Alternator is a Scylla feature adding compatibility with Amazon DynamoDB(TM). DynamoDB’s API uses JSON-encoded requests and responses which are sent over an HTTP or HTTPS transport. It is described in detail on Amazon’s site: https://docs.aws.amazon.com/amazondynamodb/latest/APIReference/

Our goal is that any application written to use Amazon DynamoDB could be run, unmodified, against Scylla with Alternator enabled. However, at this stage the Alternator implementation is incomplete, and some of DynamoDB’s API features are not yet supported. The extent of Alternator’s compatibility with DynamoDB is described in the “current compatibility” section below.

Running Alternator

By default, Scylla does not listen for DynamoDB API requests. To enable such requests, you must set the alternator-port configuration option (via command line or YAML) to the port on which you wish to listen for DynamoDB API requests.

For example., “--alternator-port=8000” on the command line will run Alternator on port 8000 - the traditional port used by DynamoDB.

By default, Scylla listens on this port on all network interfaces. To listen only on a specific interface, pass also an “alternator-address” option.

As we explain below in the “Write isolation policies”, Alternator has four different choices for the implementation of writes, each with different advantages. You should consider which of the options makes more sense for your intended use case, and use the “--alternator-write-isolation” option to choose one. There is currently no default for this option: Trying to run Scylla with Alternator enabled without passing this option will result in an error asking you to set it.

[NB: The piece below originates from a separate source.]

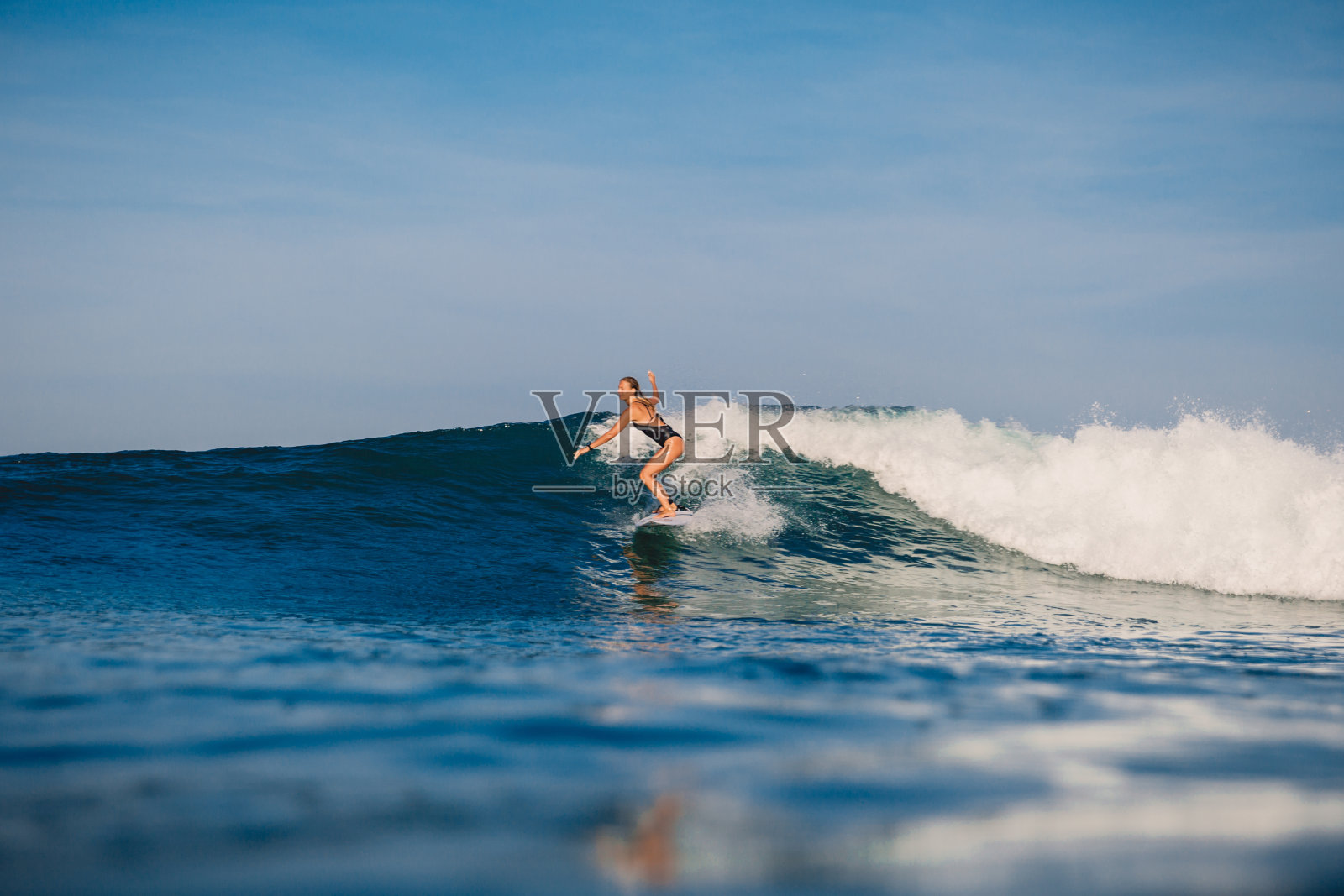 冲浪女子在冲浪板上乘风破浪。在晨光下冲浪的女人照片摄影图片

DynamoDB clients usually specify a single “endpoint” address, e.g., dynamodb.us-east-1.amazonaws.com, and a DNS server hosted on that address distributes the connections to many different backend nodes. Alternator does not yet provide such a DNS server, so you should either supply your own (having it return one of the live Scylla nodes at random, with a TTL of a few seconds), or you should use a different mechanism to distribute different DynamoDB requests to different Scylla nodes, to balance the load.

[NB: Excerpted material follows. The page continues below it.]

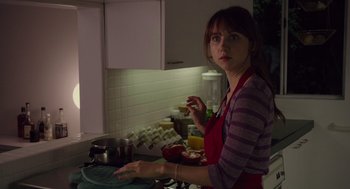 Movie still from “Ruby Sparks” (2012), directed by Valerie Faris – A woman in a kitchen preparing food on the counter; Medium shot, Over the shoulder angle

Alternator tables are stored as Scylla tables in the “alternator” keyspace. This keyspace is initialized when the first Alternator table is created (with a CreateTable request). The replication factor (RF) for this keyspace and all Alternator tables is chosen at that point, depending on the size of the cluster: RF=3 is used on clusters with three or more live nodes, and RF=1 is used for smaller clusters. Such smaller clusters are, of course, only recommended for tests because of the risk of data loss.

Current compatibility with DynamoDB

Our goal is that any application written to use Amazon DynamoDB could be run, unmodified, against Scylla with Alternator enabled. However, at this stage the Alternator implementation is incomplete, and some of DynamoDB’s API features are not yet supported. This section documents the extent of Alternator’s compatibility with DynamoDB, and will be updated as the work progresses and compatibility continues to improve.

API Server

  • Transport: HTTP and HTTPS are mostly supported, but small features like CRC header and compression are still missing.

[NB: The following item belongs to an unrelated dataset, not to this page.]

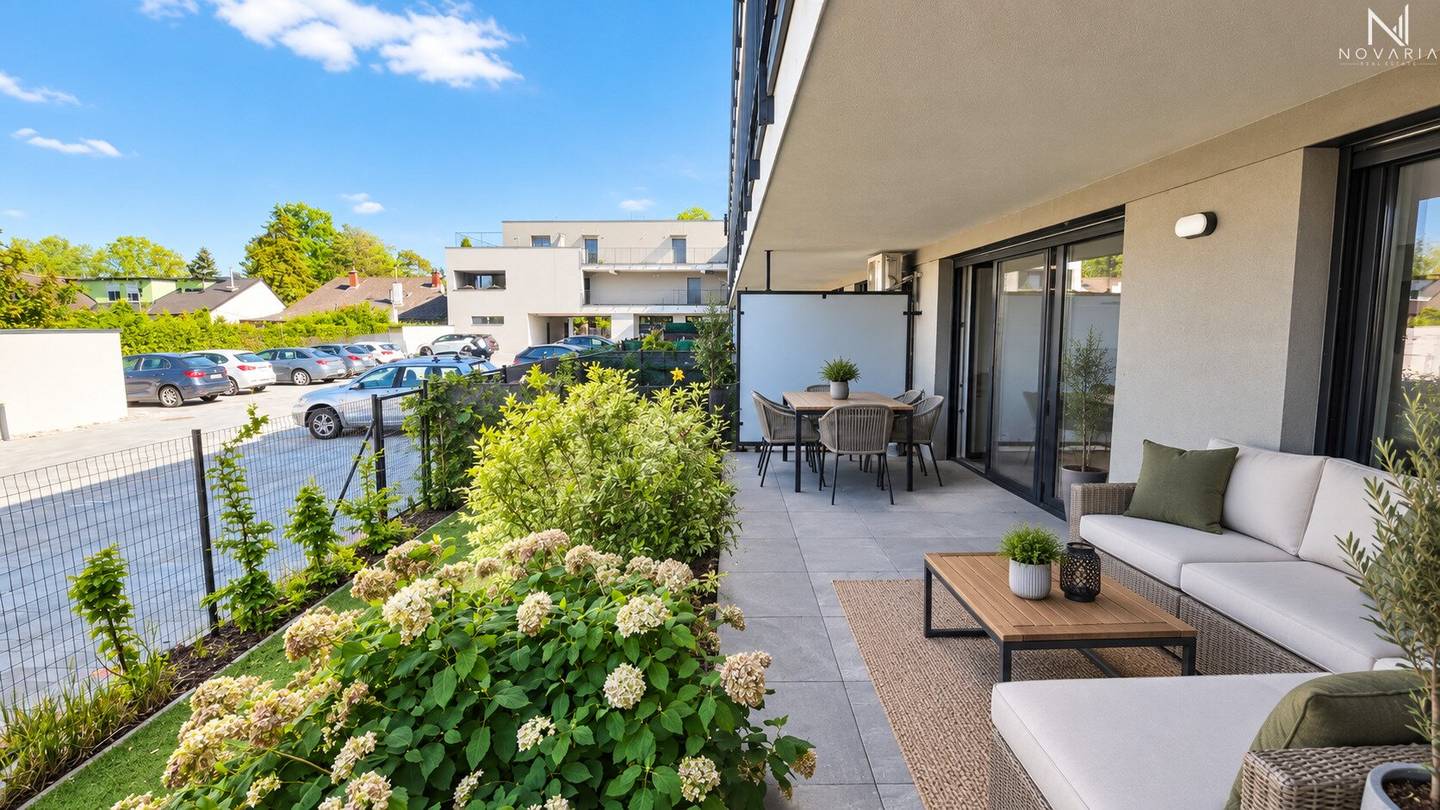 Like-new 4-room garden apartment with large loggia and parking space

  • Authorization (verifying the originator of the request): implemented on top of system_auth.roles table. The secret key used for authorization is the salted_hash column from the roles table, selected with: SELECT salted_hash from system_auth.roles WHERE role = USERNAME; By default, authorization is not enforced at all. It can be turned on by providing an entry in Scylla configuration: alternator_enforce_authorization: true

  • Load balancing: Not a part of Alternator. One should use an external load balancer or DNS server to balance the requests between the live Scylla nodes. We plan to publish a reference example soon.

Table Operations

  • CreateTable and DeleteTable: Supported. Note our implementation is synchronous.

  • DescribeTable: Partial implementation. Missing creation date and size estimate.

  • UpdateTable: Not supported.

  • ListTables: Supported.

Item Operations

  • GetItem: Support almost complete except that projection expressions can only ask for top-level attributes.

  • PutItem: Support almost complete except that condition expressions can only refer to to-level attributes.

  • UpdateItem: Nested documents are supported but updates to nested attributes are not (e.g., SET a.b[3].c=val), and neither are nested attributes in condition expressions.

  • DeleteItem: Mostly works, but again does not support nested attributes in condition expressions.

Batch Operations

  • BatchGetItem: Almost complete except that projection expressions can only ask for top-level attributes.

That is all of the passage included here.